The Falcons destined for training must be captured young. Those that have been providing their own food, and have nearly reached maturity, are taken with a lure, which is generally a Pigeon. Young birds which have just left the nest are called eyases; when rather more mature, branchers; that is to say, birds about three months old, strong enough to hop from branch to branch, but incapable of flying or providing for their own subsistence. The latter are preferable to all others, as they are not so young as to require the care necessary to the eyas, and are yet not old enough to have become intractable. At a year old it would be nearly useless to attempt their education; they are then called haggards.
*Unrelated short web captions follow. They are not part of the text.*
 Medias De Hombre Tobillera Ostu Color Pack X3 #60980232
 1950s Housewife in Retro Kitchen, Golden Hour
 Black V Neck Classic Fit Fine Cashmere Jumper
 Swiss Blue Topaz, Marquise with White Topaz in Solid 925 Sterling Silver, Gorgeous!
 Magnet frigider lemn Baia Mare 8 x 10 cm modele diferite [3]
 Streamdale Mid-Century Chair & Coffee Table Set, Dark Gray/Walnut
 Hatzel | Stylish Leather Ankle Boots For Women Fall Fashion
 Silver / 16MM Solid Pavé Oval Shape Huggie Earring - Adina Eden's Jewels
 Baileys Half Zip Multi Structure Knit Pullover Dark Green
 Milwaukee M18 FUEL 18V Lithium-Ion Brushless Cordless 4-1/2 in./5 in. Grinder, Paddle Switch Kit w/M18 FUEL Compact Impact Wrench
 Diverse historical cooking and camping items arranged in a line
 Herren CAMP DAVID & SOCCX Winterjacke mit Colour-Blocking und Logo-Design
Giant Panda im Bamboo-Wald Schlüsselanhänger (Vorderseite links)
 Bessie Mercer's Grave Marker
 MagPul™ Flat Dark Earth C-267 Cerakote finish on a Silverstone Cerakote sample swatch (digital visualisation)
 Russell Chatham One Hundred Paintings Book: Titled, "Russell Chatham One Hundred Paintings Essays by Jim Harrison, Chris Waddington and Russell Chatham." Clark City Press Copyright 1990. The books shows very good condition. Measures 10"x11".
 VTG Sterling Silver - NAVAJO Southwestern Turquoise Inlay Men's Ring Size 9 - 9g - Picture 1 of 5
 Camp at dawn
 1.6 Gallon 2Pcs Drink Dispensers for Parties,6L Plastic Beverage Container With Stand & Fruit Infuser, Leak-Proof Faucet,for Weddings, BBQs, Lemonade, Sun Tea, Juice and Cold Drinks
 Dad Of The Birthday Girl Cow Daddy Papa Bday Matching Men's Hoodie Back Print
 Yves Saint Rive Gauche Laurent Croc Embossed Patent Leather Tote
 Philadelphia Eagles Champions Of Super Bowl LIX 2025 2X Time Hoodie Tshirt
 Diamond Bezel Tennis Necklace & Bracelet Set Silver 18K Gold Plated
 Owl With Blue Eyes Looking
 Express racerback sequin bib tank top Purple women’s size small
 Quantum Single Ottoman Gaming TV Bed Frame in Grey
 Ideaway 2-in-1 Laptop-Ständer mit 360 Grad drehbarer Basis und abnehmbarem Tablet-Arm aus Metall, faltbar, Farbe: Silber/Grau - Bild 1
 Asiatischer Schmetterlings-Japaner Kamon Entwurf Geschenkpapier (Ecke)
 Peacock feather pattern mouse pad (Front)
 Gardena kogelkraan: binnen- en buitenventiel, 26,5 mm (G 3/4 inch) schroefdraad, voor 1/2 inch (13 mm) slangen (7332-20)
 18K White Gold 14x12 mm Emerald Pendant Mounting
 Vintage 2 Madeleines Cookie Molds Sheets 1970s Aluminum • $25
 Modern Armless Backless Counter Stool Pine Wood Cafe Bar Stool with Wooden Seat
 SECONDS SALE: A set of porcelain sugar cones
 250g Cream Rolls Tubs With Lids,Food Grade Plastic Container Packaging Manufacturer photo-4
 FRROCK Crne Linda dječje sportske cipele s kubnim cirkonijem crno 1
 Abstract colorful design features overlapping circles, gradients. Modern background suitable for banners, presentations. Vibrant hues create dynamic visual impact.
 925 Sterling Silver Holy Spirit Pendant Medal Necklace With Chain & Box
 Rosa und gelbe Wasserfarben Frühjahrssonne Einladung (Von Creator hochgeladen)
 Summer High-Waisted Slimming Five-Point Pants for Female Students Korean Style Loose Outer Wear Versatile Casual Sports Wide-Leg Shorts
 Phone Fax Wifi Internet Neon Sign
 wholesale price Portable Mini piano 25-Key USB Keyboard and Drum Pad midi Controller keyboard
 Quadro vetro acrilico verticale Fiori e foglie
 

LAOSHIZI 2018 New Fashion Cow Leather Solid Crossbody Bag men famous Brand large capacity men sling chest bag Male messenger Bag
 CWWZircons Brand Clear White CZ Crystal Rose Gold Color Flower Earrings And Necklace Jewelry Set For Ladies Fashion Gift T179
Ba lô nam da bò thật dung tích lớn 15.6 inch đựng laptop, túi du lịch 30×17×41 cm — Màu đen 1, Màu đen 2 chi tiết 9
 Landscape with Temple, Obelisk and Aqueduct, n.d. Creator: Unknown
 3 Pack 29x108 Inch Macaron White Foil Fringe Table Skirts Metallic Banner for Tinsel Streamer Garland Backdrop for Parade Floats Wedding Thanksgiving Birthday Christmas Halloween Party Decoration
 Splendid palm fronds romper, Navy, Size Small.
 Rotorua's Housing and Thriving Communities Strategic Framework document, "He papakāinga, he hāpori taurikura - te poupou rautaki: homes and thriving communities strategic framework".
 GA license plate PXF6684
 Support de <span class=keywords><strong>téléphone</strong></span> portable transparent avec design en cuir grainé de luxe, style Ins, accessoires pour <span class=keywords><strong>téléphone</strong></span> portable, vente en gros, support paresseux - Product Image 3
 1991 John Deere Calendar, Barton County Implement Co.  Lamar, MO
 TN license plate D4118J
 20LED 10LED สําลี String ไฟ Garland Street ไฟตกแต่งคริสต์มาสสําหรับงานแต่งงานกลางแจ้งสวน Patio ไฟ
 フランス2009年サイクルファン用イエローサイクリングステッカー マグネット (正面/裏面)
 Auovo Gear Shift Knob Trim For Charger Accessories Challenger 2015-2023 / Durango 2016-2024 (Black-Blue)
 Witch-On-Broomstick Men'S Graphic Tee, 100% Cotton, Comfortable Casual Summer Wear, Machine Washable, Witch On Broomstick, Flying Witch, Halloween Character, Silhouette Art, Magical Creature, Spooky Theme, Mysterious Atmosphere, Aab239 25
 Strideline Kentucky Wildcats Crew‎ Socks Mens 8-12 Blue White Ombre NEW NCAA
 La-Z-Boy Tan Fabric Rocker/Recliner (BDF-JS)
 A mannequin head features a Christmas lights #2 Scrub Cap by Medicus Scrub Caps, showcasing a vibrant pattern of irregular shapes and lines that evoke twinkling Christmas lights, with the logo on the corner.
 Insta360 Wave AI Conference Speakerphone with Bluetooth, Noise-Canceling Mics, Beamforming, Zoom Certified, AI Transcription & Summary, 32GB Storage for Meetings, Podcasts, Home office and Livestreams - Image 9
The Falcon being naturally wild, violent, and alike insensible to caresses and chastisements, it can only be tamed by privations, such as want of light, sleep, and food, and also by constantly being cared for by the same person. This is the foundation of the method which the falconer practises.

Fig. 290.—Bewits.

Fig. 291.—Hood.

Fig. 292.—Dressed Falcon.

Supposing that a brancher has been caught, its legs are first made fast in the shackles, or benits ([Fig. 290]), made of straps of supple leather, terminated by bells. Then the falconer, his hand covered with a glove, takes the Falcon on his wrist, and carries it about night and day, without allowing it rest. If the pupil is intractable, refuses to submit, and tries to use its bill, the tamer plunges its head into cold water, and thus produces stupor in the bird. Afterwards the head is covered with a hood ([Fig. 291]), which keeps it in complete darkness. Alter three days and nights of this treatment, rarely more, the bird becomes, to a certain extent, docile. The falconer then accustoms it to take its food quietly; this is presented in the hand, while at the same time a peculiar noise is made, which it learns to recognise as a call. In the meantime it is carried about in frequented places, so as to familiarise it with strangers, and also with horses and dogs, which are to be at some future time its companions in the chase. When an obstinate bird is dealt with its appetite is excited, so as to render it more dependent; with this view it is made to swallow small pellets of tow mixed up with garlic and wormwood. These pellets have the effect of increasing its hunger; and the pleasure which it afterwards experiences in eating tends to attach it more closely to the individual who feeds it.

In a general way, after five or six days of restraint the Falcon is tamed, and the falconer can then proceed with the training, to which the former practices are nothing but preliminaries.